O presidente Donald Trump, que faz campanha para sua reeleição, manteve sua retórica contra a imprensa, tanto no Twitter quanto em declarações públicas. O governo de Trump e o irmão do presidente, respectivamente, tentaram, sem sucesso, impedir a publicação de dois livros sobre Donald Trump, e um juiz federal ordenou que a agência de administração do sistema federal de prisões dos EUA (Federal Bureau of Prisons) prendesse novamente o ex-advogado do presidente, Michael Cohen, em represália por seu livro.

Houve algumas vitórias promissoras nos tribunais, mas os últimos meses foram extremamente tensos e trouxeram muitos riscos para os jornalistas.

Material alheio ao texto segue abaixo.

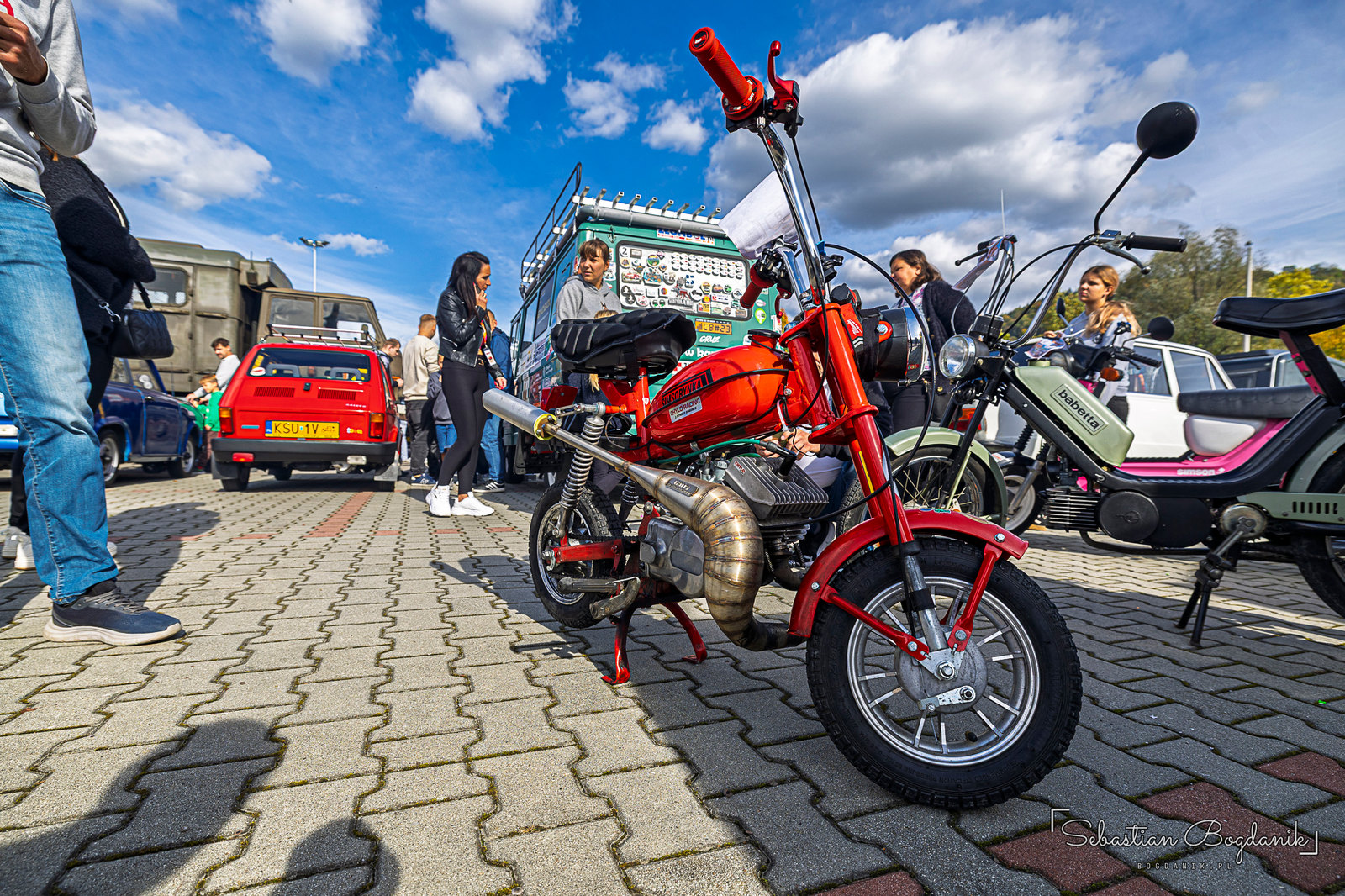 The younger generation: a pink Simson scooter from the same Suhl factory as the AWO, and a Polish Romet Pony moped (2/2)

Muitos jornalistas sofreram agressões físicas em todo o país nesse verão, geralmente de policiais. Em Minneapolis, Minnesota, a polícia atirou no rosto da fotojornalista Linda Tirado e a bala de borracha quebrou seus óculos de proteção, deixando-a permanentemente cega do olho esquerdo. Em Los Angeles, um policial jogou a fotojornalista Barbara Davidson no chão, fazendo com que ela batesse com a cabeça num hidrante de combate a incêndio. Uma jornalista de 17 anos que cobria os protestos para o jornal da escola em Portland, Oregon, foi atingida por gás lacrimogêneo e por granadas de atordoamento. Muitos outros jornalistas foram empurrados e agredidos pela polícia, bem como vítimas de spray de pimenta nesses protestos, apesar de exibirem credenciais que os identificavam como membros da mídia.

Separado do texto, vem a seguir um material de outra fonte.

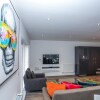 Отель Immaculate 2-bed Apartment in London, фото 9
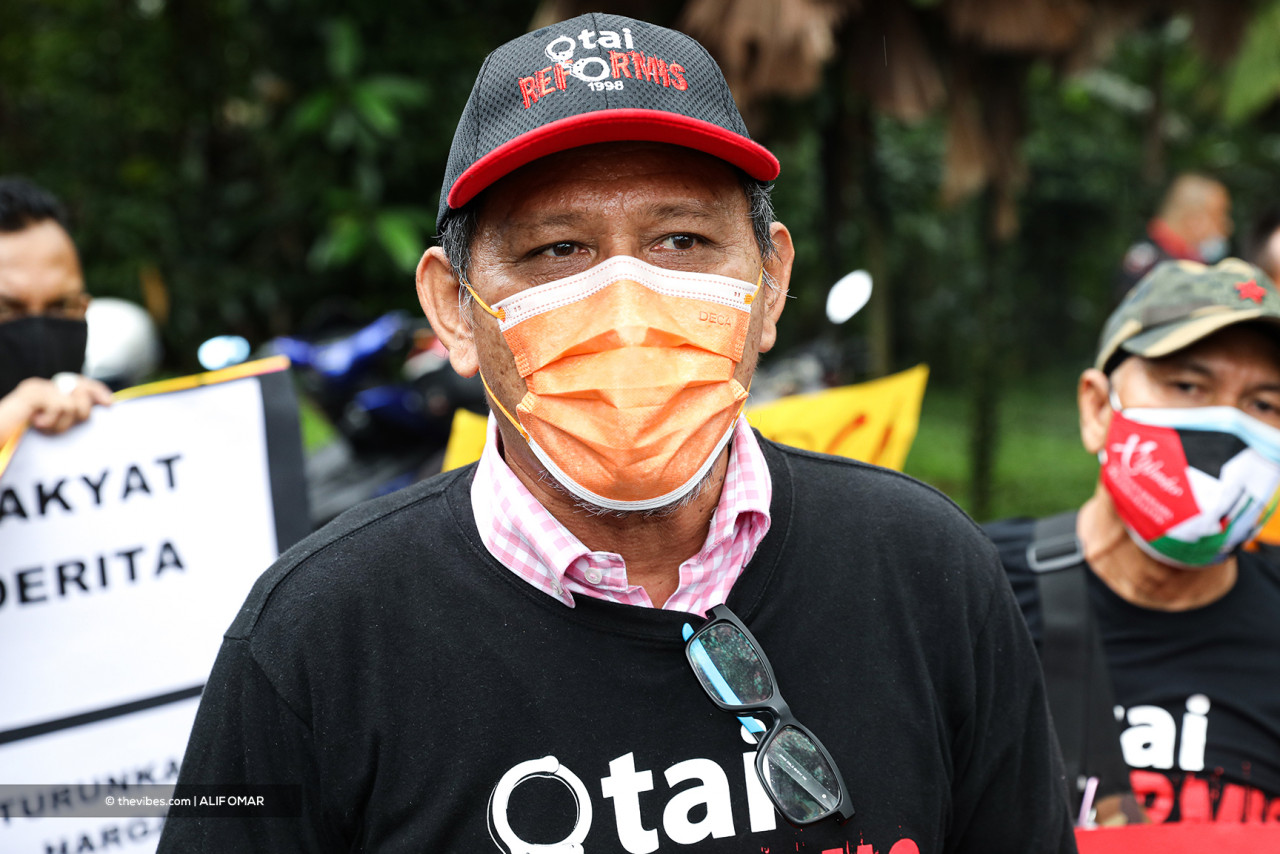 Otai Reformis 1998 secretary Abdul Razak Ismail says the four civil rights groups are not using the situation of rampaging price hikes as political capital to attack the government. – ALIF OMAR/The Vibes pic, December 2, 2021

A maioria dos ataques a jornalistas foi por parte da polícia, mas o público também os agrediu física e verbalmente. Um jornalista que fazia sua transmissão ao vivo do Times Square em Nova York durante os protestos foi agredido por duas pessoas. Durante um protesto em Louisville, Kentucky, uma pessoa quebrou o para-brisas do carro de uma equipe de notícias.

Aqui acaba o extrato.